The fame of his “Fairy Tales” grew; The 2nd issue of “Fairy Tales” was started in 1838, and the 3rd in 1845. By this time it was already famous writer, widely known in Europe. In June 1847 he came to England for the first time and was given a triumphant welcome.

One day the writer was walking along the street of Copenhagen in the Old Port area. As he passed by one of the windows, the woman said to her son: “Here comes Mr. Andersen. His lullaby makes you fall asleep so well.”

The boy looked at a tall and thin man in a black suit, somewhat reminiscent of a foreigner, took his only soldier, ran out into the street, gave it to the stranger and ran away...

When some dandy in Copenhagen, seeing an old, worn hat on the writer’s head, exclaimed: “And what, this pathetic thing on your head is called a hat?!” - he immediately replied: “Is this pathetic thing under your hat called a head?”

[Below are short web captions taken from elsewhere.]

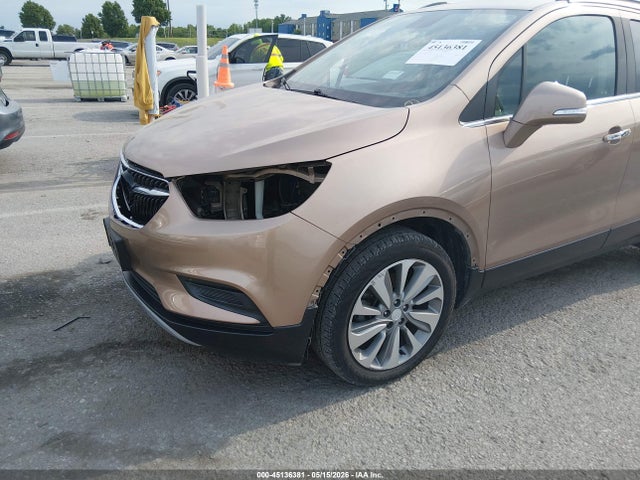 Продаж на аукціоні авто 2019 Buick Encore Fwd Preferred, vin: KL4CJASB0KB708426, номер лоту: 45136381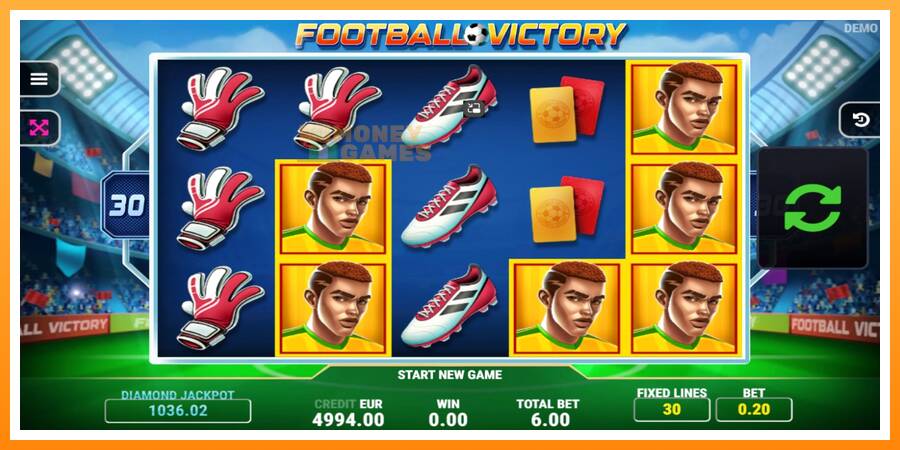 ลองสัมผัสเครื่องดูครับ Football Victory, รูปภาพ 2: เล่นเพื่อเงิน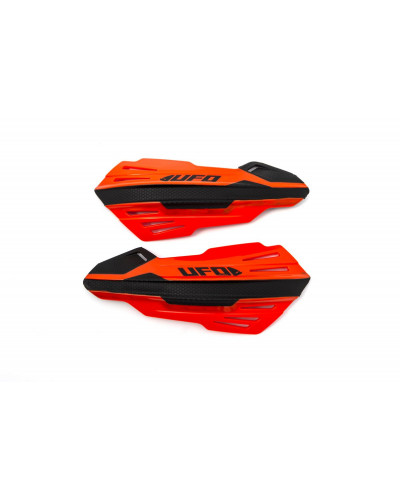 Protège Main Moto Spécifique UFO HANDGUARDS KTM FL ORANGE Protège Main Moto Spécifique UFO HANDGUARDS KTM FL ORANGE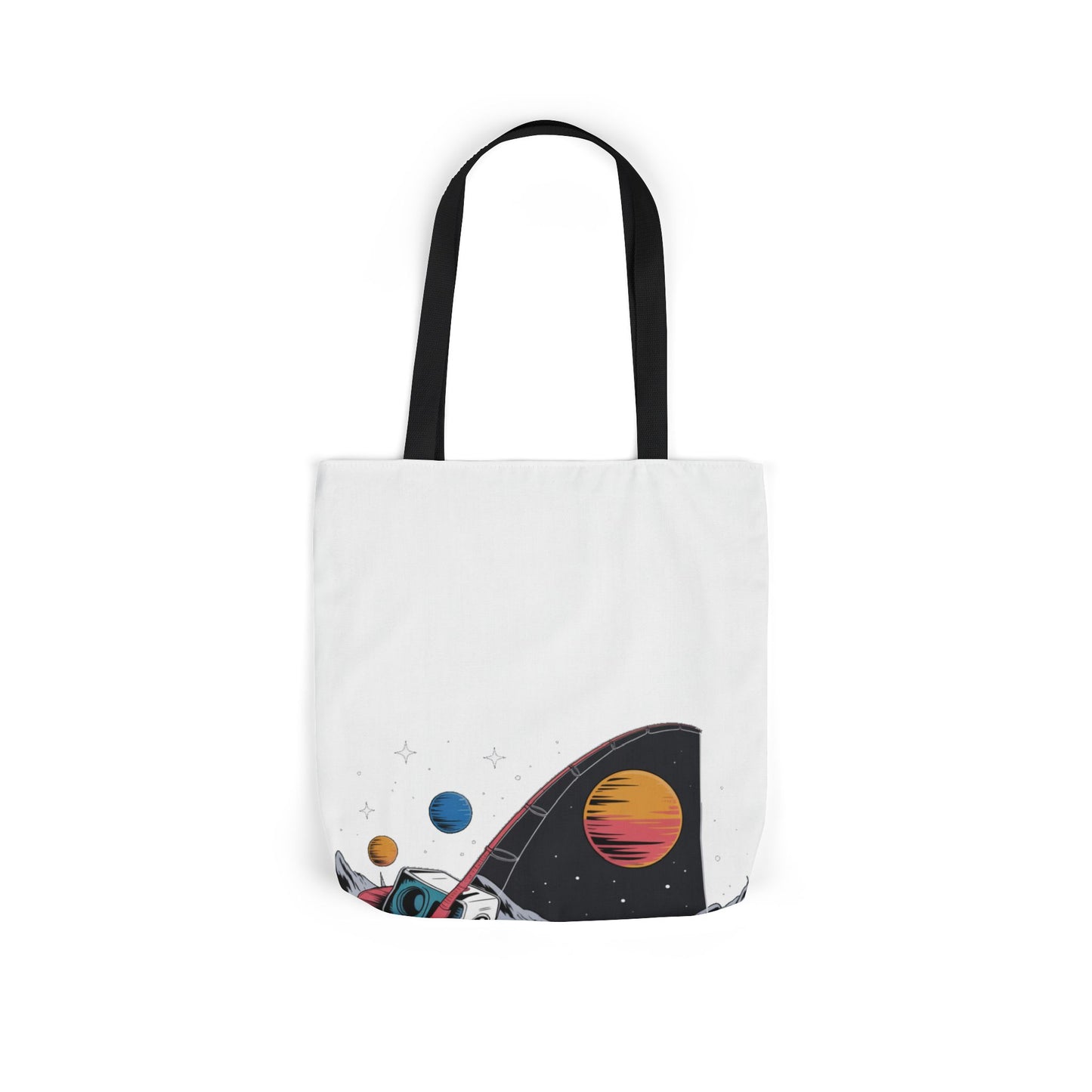 Just Checking on That Space Fish Tote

The monument to Andersen was erected during his lifetime; he himself approved the design of the architect Auguste Sabø. Initially, according to the project, he sat in a chair, surrounded by children, and this outraged Andersen. “I couldn’t say a word in that atmosphere,” he said. Now on the square in Copenhagen, named after him, there is a monument: the storyteller in a chair with a book in his hand - and alone.

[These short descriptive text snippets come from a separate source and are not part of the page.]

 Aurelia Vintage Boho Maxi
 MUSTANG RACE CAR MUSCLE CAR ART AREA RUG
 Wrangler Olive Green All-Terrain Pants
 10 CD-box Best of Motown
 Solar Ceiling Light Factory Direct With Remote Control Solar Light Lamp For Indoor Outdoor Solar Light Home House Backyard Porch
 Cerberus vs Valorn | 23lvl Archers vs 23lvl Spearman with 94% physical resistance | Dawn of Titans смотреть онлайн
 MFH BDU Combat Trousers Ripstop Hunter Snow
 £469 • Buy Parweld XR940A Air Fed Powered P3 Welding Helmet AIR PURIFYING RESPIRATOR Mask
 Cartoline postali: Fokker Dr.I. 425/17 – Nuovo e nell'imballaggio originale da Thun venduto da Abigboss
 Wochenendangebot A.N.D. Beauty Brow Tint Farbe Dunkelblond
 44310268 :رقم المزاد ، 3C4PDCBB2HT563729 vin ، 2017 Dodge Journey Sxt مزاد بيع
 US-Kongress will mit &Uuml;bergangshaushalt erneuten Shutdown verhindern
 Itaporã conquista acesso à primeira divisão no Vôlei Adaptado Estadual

Andersen was sure that if he lost all his teeth, he would stop writing. And indeed, the writer no longer picked up a pen after his last tooth fell out.

In 1872, Andersen fell out of bed, was badly hurt and never recovered from his injuries, although he lived for another three years. He died on 4 August 1875 at the age of seventy and is buried in Assistance Cemetery in Copenhagen.

Andersen wrote his last fairy tale in 1872 for Christmas. The writer died on August 4, 1875. According to eyewitnesses, all of Denmark gathered to say goodbye to the storyteller. Friends joked: “If Hans Christian had seen his funeral, he would have been very pleased.”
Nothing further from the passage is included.